Condoleezza’s Condescensions

 

Watching our national security advisor deposed before the 9-11 commission, you had to be awed by this superwoman. What should one admire the most? Was it the confidence with which she expatiated on simple questions where a yes or no answer would have sufficed? Or the coolness with which she kept shrugging off responsibility? With her it was always the CSG, FBI or CIA’s job. One was reminded of the many-armed goddesses of Hindu mythology, only in Convolute-a case, the hands seemed to have an sure knack of pointing in all directions except her own.

At one point, she couldn’t help playing the race card. She pointed out, though not out entirely of context, that the founding fathers, when they said, “We the People”, certainly didn’t mean people like her. Certainly, the color of the skin should not be the basis of discrimination. Its thickness is another matter entirely. Any national security advisor with a shred of shame would have quit first thing September 12, 2001. As Richard Reeves wrote in the Washington Post, if 9-11 had happened in Japan, there would be no one left in the government to turn out the lights.

This, however, is America. Our rulers live by different standards. When Bob Kerrey asked about using the ‘M’ (Mistake) word, or when Tim Roemer asked about why no one had resigned, Conscienceless-a Rice did not appear embarrassed in the least.

Where Richard Clarke’s testimony seemed factual, Confoundaleeza Rice’s seemed to be flush with management jargon, the air thick with words like structural, tactical, strategic (with no apparent accretion to lucidity — see what I mean?). The peformance would be familiar to most people in the white collar industry, where words are an aid to hiding incompetence as much as to reveal it, and where obfuscation is the first rule of management. Dilbert may now boast of a new character — Condilberta Rice.

But the blame falls elsewhere too. What kind of a deal is it, where a paid offical (a servant of the people?) cannot spare more than a half-day to appear before a commission to answer for a national calamity on her watch? Can anyone explain why the questions had to be limited to 10 minutes each? And this for a person incharge of coordinating the the entire nation’s security? And for the commission to forfeit all follow up (sworn, public) testimony, either from her or from others on the President’s staff who may have vital information?

The commissioners seemed so overwhelmed that Rice had agreed to appear before them (Condescend-a?) that they seemed to be treading on eggshells.
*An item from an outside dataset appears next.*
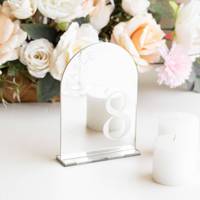 JIN PENG Plaque de table personnalisée en acrylique blanc en forme d'arche avec impression UV pour mariage, fête, événement, indication des places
She seemed to sense this, and kept ignoring Ben Veniste, Kerrey and Roemer’s pleas for brevity; instead of sticking to the point, she kept wasting their time with philosophical digressions, which they were utterly powerless to check.

Bipartisanship is all very well, but it should not interfere with the commission’s main purpose. I was shocked when Lee Hamilton, after the testimony, was gushing about her performance. For the record, could he not say that he wished she had answered simple questions simply, thereby allowing the facts to come out more clearly?

The four heroines of the 9-11 commission, the ladies responsible for its very existence, were on the Chris Mathews Show shortly after, and asked a few simple questions which the Commission, in its flustered state, did not. One of them said. “Ashcroft stopped flying. Pentagon officials stop flying the day before September 11. They were warned not fly on September 11. We think San Francisco Mayor Willie Brown was told not to fly.” Another wondered “…why the national security advisor did not know that planes could be used as missiles. That’s her job.” Such simplicity eludes those in high places.

However, Truth, like water, has a way of finding its course. In a strange manifestation of the trickle-down theory so beloved of this administration, some facts percolated despite all this. And they are indisputable. Today they were summarized by the spontaneous applause which greeted Ben Veniste’s “Did you tell the President?”. Once again, the twin questions of yesteryear, “What did the President know, and when did he know it?” have arrived at the forefront.

So the testimony, for all its apparent snow job, may yet turn out to be a Contretemps-a-Rice.